YOUR TASK: Please find every line in the records below that contains the word "Used", and copy it.

[Brief descriptive captions]
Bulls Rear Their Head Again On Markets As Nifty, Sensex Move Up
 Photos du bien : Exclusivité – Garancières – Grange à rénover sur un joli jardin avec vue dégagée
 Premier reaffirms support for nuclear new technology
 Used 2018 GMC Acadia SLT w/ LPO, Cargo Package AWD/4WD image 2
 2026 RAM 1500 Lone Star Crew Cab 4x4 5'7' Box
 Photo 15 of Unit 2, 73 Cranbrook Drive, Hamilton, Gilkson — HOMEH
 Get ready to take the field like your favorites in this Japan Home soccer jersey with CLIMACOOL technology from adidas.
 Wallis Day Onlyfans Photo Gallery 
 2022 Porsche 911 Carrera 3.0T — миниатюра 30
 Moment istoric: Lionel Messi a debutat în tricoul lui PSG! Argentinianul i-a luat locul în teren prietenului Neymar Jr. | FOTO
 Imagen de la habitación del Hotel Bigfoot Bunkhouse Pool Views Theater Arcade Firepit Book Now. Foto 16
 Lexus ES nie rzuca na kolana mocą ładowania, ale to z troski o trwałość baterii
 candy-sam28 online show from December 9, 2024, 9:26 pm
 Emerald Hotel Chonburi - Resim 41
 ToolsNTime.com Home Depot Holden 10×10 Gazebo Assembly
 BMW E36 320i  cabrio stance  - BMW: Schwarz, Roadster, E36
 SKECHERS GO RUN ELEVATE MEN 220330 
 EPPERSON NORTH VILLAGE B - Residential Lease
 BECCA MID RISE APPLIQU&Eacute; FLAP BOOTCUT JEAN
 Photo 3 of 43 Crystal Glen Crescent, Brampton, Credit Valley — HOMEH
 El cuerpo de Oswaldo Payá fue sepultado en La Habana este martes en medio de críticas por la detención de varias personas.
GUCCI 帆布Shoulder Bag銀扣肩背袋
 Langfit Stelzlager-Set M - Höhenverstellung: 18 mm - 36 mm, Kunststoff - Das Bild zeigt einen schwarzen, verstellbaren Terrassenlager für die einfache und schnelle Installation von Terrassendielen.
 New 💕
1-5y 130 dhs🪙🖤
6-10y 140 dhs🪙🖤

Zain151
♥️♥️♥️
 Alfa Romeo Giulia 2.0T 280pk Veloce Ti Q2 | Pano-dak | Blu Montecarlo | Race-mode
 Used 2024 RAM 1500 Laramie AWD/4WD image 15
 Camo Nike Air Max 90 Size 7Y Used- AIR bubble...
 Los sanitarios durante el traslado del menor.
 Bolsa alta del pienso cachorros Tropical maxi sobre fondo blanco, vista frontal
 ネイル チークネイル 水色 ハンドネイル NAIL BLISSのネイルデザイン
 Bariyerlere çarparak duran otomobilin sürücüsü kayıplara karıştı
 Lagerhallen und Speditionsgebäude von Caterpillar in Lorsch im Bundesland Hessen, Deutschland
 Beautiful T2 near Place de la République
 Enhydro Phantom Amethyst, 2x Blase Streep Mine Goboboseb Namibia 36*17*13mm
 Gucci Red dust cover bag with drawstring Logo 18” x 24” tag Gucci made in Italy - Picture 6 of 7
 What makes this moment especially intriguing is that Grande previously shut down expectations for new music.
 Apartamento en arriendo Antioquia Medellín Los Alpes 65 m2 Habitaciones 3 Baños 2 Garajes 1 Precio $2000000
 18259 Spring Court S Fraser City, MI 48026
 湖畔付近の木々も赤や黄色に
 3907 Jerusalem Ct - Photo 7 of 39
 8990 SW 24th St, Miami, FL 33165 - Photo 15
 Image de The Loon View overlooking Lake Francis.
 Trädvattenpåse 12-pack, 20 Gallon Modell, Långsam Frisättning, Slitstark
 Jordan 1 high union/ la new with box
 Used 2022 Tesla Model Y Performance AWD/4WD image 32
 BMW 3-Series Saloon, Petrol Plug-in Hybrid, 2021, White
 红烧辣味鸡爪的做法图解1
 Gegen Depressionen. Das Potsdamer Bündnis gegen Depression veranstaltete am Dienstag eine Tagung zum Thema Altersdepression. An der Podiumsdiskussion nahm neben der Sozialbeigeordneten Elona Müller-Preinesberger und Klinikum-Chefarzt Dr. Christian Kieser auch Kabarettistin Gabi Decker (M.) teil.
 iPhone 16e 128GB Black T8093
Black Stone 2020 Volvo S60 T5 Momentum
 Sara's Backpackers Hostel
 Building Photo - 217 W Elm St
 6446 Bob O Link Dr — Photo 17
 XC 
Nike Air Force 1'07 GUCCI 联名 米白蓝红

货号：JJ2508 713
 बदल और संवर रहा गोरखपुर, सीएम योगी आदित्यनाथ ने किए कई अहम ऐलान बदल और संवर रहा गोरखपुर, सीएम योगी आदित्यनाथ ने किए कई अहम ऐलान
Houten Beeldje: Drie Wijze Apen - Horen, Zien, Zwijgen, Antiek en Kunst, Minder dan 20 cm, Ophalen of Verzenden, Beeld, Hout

RESULT BELOW:
 Used 2018 GMC Acadia SLT w/ LPO, Cargo Package AWD/4WD image 2
 Used 2024 RAM 1500 Laramie AWD/4WD image 15
 Camo Nike Air Max 90 Size 7Y Used- AIR bubble...
 Used 2022 Tesla Model Y Performance AWD/4WD image 32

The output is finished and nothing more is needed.